What I’m really seeing now is that a lot of the Baby Boomers, Gen X, Gen Y, are looking at the millennials and going, “Wait, what? You’re not following the rules. I did everything they told me to do. Why am I not happy? You’re 31 and doing whaaaaat?” I feel like the new big thing right now is that Americans are taking their own gap years, but they’re taking them after major life changes. They’re doing a gap year after a divorce. They’re doing a gap year after they switch jobs. This is my theory of travel. This is how everything influenced me. Take your gap year. Get out there and meet new people. You know what I mean?

What’s on top of your “go to next” list?

Oh, I just went to my number one, Mongolia. Loved it. I’m pretty much open for most places. I really would love, love, love to spend like a month in China. I want to spend some time in Japan. Just because, in China and Japan, there are still pockets where you go in culture and you go, “What is going on?” Like the entire business that’s set up around loneliness in Japan… cat cafes, owl cafes, bunny cafes, puppy cafes. You can go to a place where a guy will dress up like a panda and cuddle you. You can go to a café where they have chairs that will cuddle you. They’ve got bars where people will just talk to you. You don’t sleep with them, but you pay them to talk to you. I would love to do an I’m-so-lonely episode on A Broad Abroad.

Do you have any personal hacks that you use to get comfortable when you settle down some place?

Yeah.
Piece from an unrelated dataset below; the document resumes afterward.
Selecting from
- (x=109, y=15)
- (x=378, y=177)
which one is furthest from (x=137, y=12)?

They’re called sleeping pills. They’re called, glass of wine, and a Lunesta.

Any food that you absolutely just couldn’t muscle your way through?
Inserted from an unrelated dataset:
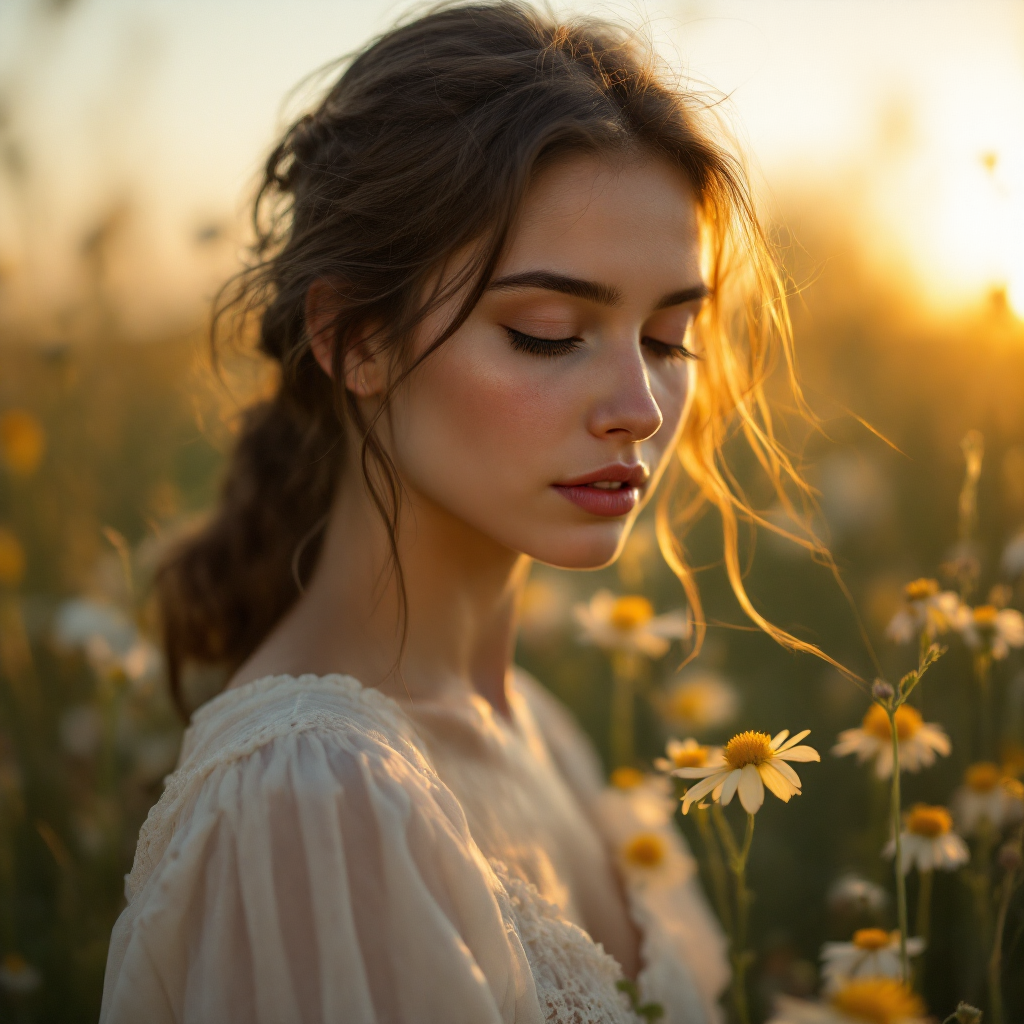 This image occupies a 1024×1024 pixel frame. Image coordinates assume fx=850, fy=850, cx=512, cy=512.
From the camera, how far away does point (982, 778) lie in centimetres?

I didn’t like fermented bees. It’s not that the bee bothered me so much. The taste was just not that great, and I didn’t want to keep it in my mouth long enough to grind up any stingers. I usually find you can keep your gag reflex down if you just breathe out of your mouth and not smell it through your nose.

I don’t need to be like, “Look how cool and crazy I am. I just ate a scorpion on a stick!” However, if I was at someone’s house and they had made a meal, yes, I would eat it. If it’s for one of the videos, I’ll eat it. Oh, you know what the worst thing I ate was? I ate a pig anus.

Where did you procure said pig anus?

In New York’s real Chinatown, outside of Flushing. They serve everything. They served the entire pig from tip to tail. I gargled with Coke for half an hour after. I figured if Coke will take the rust off of cars, it’ll take that taste out of my mouth.